(Collection entries)
★ ★ ★ ★ ★ ★ ★

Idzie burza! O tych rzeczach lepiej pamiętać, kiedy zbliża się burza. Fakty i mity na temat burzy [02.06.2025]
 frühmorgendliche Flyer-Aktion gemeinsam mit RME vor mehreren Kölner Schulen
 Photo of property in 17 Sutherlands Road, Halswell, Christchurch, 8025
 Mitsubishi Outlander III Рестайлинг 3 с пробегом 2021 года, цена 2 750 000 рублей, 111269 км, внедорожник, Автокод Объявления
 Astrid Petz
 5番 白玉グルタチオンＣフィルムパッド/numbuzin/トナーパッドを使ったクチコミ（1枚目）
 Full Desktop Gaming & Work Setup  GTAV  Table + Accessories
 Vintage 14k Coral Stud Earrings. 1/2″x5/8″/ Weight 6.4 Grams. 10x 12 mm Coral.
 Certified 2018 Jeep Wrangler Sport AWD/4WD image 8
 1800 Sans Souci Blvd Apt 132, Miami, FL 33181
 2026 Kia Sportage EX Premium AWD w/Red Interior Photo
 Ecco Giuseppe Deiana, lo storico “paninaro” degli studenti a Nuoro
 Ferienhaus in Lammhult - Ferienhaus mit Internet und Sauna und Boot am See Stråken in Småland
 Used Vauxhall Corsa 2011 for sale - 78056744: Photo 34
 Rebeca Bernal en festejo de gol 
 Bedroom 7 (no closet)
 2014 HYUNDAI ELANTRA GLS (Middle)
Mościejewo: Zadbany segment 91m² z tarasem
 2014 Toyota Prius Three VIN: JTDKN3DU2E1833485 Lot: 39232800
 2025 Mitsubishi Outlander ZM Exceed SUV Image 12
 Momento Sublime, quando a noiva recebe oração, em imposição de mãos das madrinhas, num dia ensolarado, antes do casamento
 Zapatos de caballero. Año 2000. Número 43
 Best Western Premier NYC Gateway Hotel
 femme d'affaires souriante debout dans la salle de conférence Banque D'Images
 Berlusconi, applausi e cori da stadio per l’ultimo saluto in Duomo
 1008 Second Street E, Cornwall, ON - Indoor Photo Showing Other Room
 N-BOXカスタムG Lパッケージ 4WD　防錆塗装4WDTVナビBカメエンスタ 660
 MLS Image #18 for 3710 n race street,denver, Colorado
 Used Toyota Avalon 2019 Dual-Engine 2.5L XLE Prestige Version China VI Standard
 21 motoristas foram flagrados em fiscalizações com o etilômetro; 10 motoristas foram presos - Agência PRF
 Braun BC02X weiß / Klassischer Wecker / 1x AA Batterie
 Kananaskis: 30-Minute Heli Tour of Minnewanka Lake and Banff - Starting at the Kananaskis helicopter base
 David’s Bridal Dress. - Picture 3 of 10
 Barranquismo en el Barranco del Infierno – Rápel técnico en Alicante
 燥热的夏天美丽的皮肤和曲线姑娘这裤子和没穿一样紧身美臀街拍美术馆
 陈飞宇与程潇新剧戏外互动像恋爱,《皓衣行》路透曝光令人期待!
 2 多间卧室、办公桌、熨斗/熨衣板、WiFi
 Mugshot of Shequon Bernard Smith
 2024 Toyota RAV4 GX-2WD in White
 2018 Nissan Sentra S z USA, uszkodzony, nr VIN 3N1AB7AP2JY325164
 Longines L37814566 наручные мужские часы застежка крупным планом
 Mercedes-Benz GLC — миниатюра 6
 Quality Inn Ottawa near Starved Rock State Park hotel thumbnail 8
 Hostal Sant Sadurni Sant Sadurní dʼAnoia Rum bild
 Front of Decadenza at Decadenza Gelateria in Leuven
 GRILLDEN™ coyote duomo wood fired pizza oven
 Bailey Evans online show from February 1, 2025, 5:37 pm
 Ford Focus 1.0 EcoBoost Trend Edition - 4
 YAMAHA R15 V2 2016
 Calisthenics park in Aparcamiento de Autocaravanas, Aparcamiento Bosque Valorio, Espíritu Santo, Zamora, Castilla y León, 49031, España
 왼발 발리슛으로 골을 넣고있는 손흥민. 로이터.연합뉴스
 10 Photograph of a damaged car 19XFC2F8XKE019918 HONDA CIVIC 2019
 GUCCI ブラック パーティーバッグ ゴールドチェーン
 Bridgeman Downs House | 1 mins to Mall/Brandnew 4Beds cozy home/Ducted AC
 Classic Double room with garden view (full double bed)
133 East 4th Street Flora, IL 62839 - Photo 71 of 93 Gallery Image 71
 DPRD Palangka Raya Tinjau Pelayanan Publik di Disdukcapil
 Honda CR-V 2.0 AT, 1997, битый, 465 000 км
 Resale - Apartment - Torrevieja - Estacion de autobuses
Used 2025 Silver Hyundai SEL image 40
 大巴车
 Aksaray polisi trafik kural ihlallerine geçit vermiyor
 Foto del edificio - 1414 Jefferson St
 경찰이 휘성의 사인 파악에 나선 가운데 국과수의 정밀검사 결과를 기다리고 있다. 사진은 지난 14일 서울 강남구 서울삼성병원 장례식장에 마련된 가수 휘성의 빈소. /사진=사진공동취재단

★ ★ ★ ★ ★ ★ ★

--- Problem ---
Write out every entry above, word for word.

--- Response ---
Idzie burza! O tych rzeczach lepiej pamiętać, kiedy zbliża się burza. Fakty i mity na temat burzy [02.06.2025]
 frühmorgendliche Flyer-Aktion gemeinsam mit RME vor mehreren Kölner Schulen
 Photo of property in 17 Sutherlands Road, Halswell, Christchurch, 8025
 Mitsubishi Outlander III Рестайлинг 3 с пробегом 2021 года, цена 2 750 000 рублей, 111269 км, внедорожник, Автокод Объявления
 Astrid Petz
 5番 白玉グルタチオンＣフィルムパッド/numbuzin/トナーパッドを使ったクチコミ（1枚目）
 Full Desktop Gaming & Work Setup  GTAV  Table + Accessories
 Vintage 14k Coral Stud Earrings. 1/2″x5/8″/ Weight 6.4 Grams. 10x 12 mm Coral.
 Certified 2018 Jeep Wrangler Sport AWD/4WD image 8
 1800 Sans Souci Blvd Apt 132, Miami, FL 33181
 2026 Kia Sportage EX Premium AWD w/Red Interior Photo
 Ecco Giuseppe Deiana, lo storico “paninaro” degli studenti a Nuoro
 Ferienhaus in Lammhult - Ferienhaus mit Internet und Sauna und Boot am See Stråken in Småland
 Used Vauxhall Corsa 2011 for sale - 78056744: Photo 34
 Rebeca Bernal en festejo de gol 
 Bedroom 7 (no closet)
 2014 HYUNDAI ELANTRA GLS (Middle)
Mościejewo: Zadbany segment 91m² z tarasem
 2014 Toyota Prius Three VIN: JTDKN3DU2E1833485 Lot: 39232800
 2025 Mitsubishi Outlander ZM Exceed SUV Image 12
 Momento Sublime, quando a noiva recebe oração, em imposição de mãos das madrinhas, num dia ensolarado, antes do casamento
 Zapatos de caballero. Año 2000. Número 43
 Best Western Premier NYC Gateway Hotel
 femme d'affaires souriante debout dans la salle de conférence Banque D'Images
 Berlusconi, applausi e cori da stadio per l’ultimo saluto in Duomo
 1008 Second Street E, Cornwall, ON - Indoor Photo Showing Other Room
 N-BOXカスタムG Lパッケージ 4WD　防錆塗装4WDTVナビBカメエンスタ 660
 MLS Image #18 for 3710 n race street,denver, Colorado
 Used Toyota Avalon 2019 Dual-Engine 2.5L XLE Prestige Version China VI Standard
 21 motoristas foram flagrados em fiscalizações com o etilômetro; 10 motoristas foram presos - Agência PRF
 Braun BC02X weiß / Klassischer Wecker / 1x AA Batterie
 Kananaskis: 30-Minute Heli Tour of Minnewanka Lake and Banff - Starting at the Kananaskis helicopter base
 David’s Bridal Dress. - Picture 3 of 10
 Barranquismo en el Barranco del Infierno – Rápel técnico en Alicante
 燥热的夏天美丽的皮肤和曲线姑娘这裤子和没穿一样紧身美臀街拍美术馆
 陈飞宇与程潇新剧戏外互动像恋爱,《皓衣行》路透曝光令人期待!
 2 多间卧室、办公桌、熨斗/熨衣板、WiFi
 Mugshot of Shequon Bernard Smith
 2024 Toyota RAV4 GX-2WD in White
 2018 Nissan Sentra S z USA, uszkodzony, nr VIN 3N1AB7AP2JY325164
 Longines L37814566 наручные мужские часы застежка крупным планом
 Mercedes-Benz GLC — миниатюра 6
 Quality Inn Ottawa near Starved Rock State Park hotel thumbnail 8
 Hostal Sant Sadurni Sant Sadurní dʼAnoia Rum bild
 Front of Decadenza at Decadenza Gelateria in Leuven
 GRILLDEN™ coyote duomo wood fired pizza oven
 Bailey Evans online show from February 1, 2025, 5:37 pm
 Ford Focus 1.0 EcoBoost Trend Edition - 4
 YAMAHA R15 V2 2016
 Calisthenics park in Aparcamiento de Autocaravanas, Aparcamiento Bosque Valorio, Espíritu Santo, Zamora, Castilla y León, 49031, España
 왼발 발리슛으로 골을 넣고있는 손흥민. 로이터.연합뉴스
 10 Photograph of a damaged car 19XFC2F8XKE019918 HONDA CIVIC 2019
 GUCCI ブラック パーティーバッグ ゴールドチェーン
 Bridgeman Downs House | 1 mins to Mall/Brandnew 4Beds cozy home/Ducted AC
 Classic Double room with garden view (full double bed)
133 East 4th Street Flora, IL 62839 - Photo 71 of 93 Gallery Image 71
 DPRD Palangka Raya Tinjau Pelayanan Publik di Disdukcapil
 Honda CR-V 2.0 AT, 1997, битый, 465 000 км
 Resale - Apartment - Torrevieja - Estacion de autobuses
Used 2025 Silver Hyundai SEL image 40
 大巴车
 Aksaray polisi trafik kural ihlallerine geçit vermiyor
 Foto del edificio - 1414 Jefferson St
 경찰이 휘성의 사인 파악에 나선 가운데 국과수의 정밀검사 결과를 기다리고 있다. 사진은 지난 14일 서울 강남구 서울삼성병원 장례식장에 마련된 가수 휘성의 빈소. /사진=사진공동취재단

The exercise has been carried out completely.